Stored data entries

========================

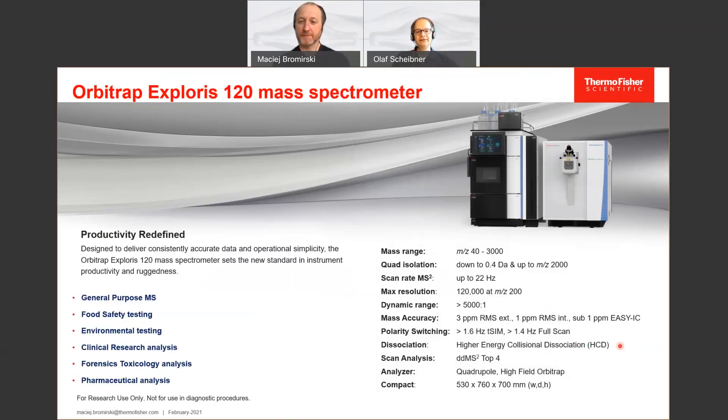For data dependent analysis, we can go up to top four — so four MS2 scans between one full scan. The analyzer is the high-field Orbitrap. One very important point is the size of the instrument: it has become significantly smaller than predecessor instruments. It's only 53 centimeters wide, with a depth of 76 centimeters and a height of 70 centimeters. As you can see from the picture, the system itself is even a bit smaller than the LC stack beside it.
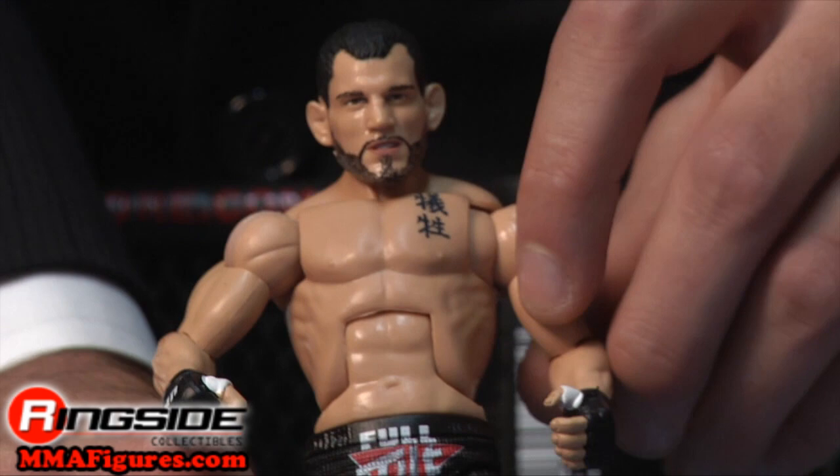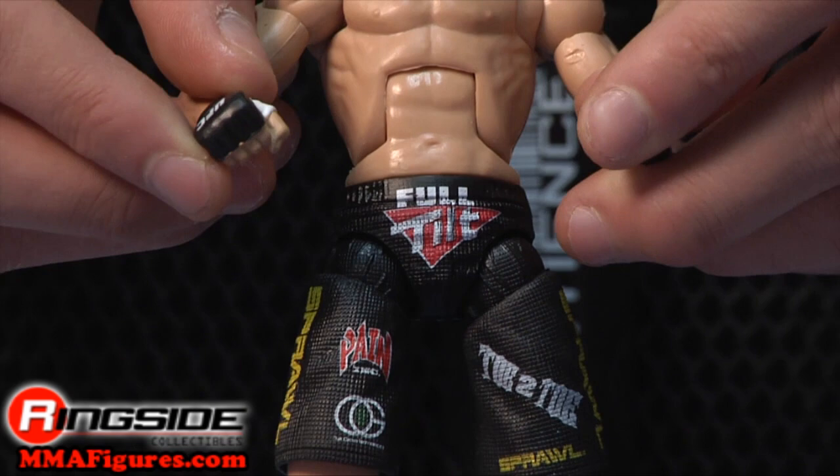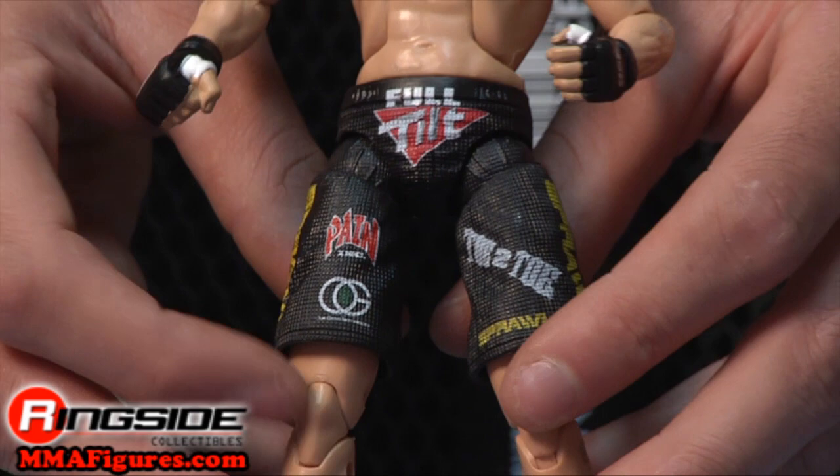His head scan has his full beard and he has an accurate tattoo on his chest. He's wearing white and black UFC gloves and has black trunks. On those trunks are ads for brands such as Full Tilt and Pain Inc.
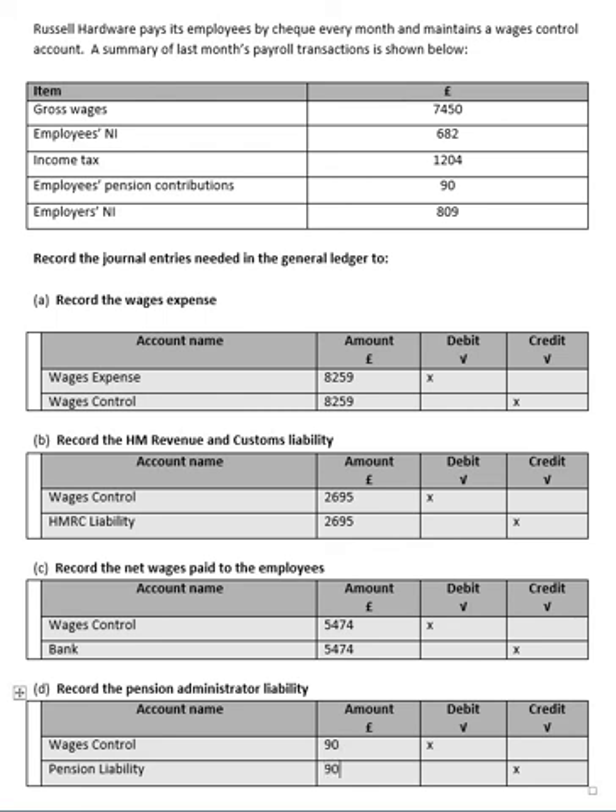I hope that has helped with Task 2. It's a fairly straightforward task, but it's just one that you need to practice, practice, and keep practicing.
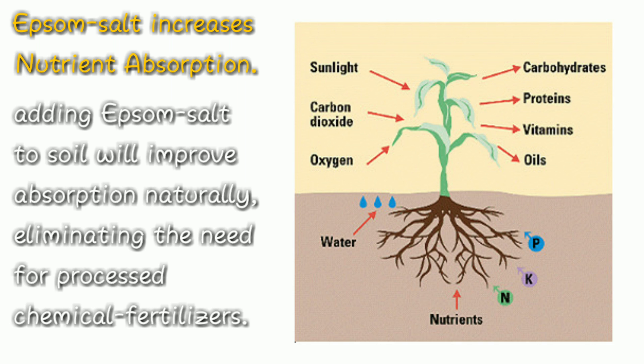Number three: Epsom salt increases nutrient absorption. Adding Epsom salt to the soil will improve absorption naturally, eliminating the need for processed chemical fertilizers.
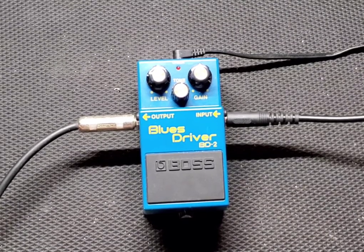All right, let's get into it. Three knobs — you get a level, tone, and gain, similar to the DS-1. I have my level set at about 10–11 o'clock, tone is at 12:30 / 1 o'clock, and gain is at 12 o'clock. So here's how it sounds.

========================

*EXERCISE DIRECTIONS:* Your copy should hold exactly the lines from the one with "Number three: Epsom" through the end of the records, both included, and no pictures.

*RESPONSE TO THE EXERCISE:*
Number three: Epsom salt increases nutrient absorption. Adding Epsom salt to the soil will improve absorption naturally, eliminating the need for processed chemical fertilizers.
All right, let's get into it. Three knobs — you get a level, tone, and gain, similar to the DS-1. I have my level set at about 10–11 o'clock, tone is at 12:30 / 1 o'clock, and gain is at 12 o'clock. So here's how it sounds.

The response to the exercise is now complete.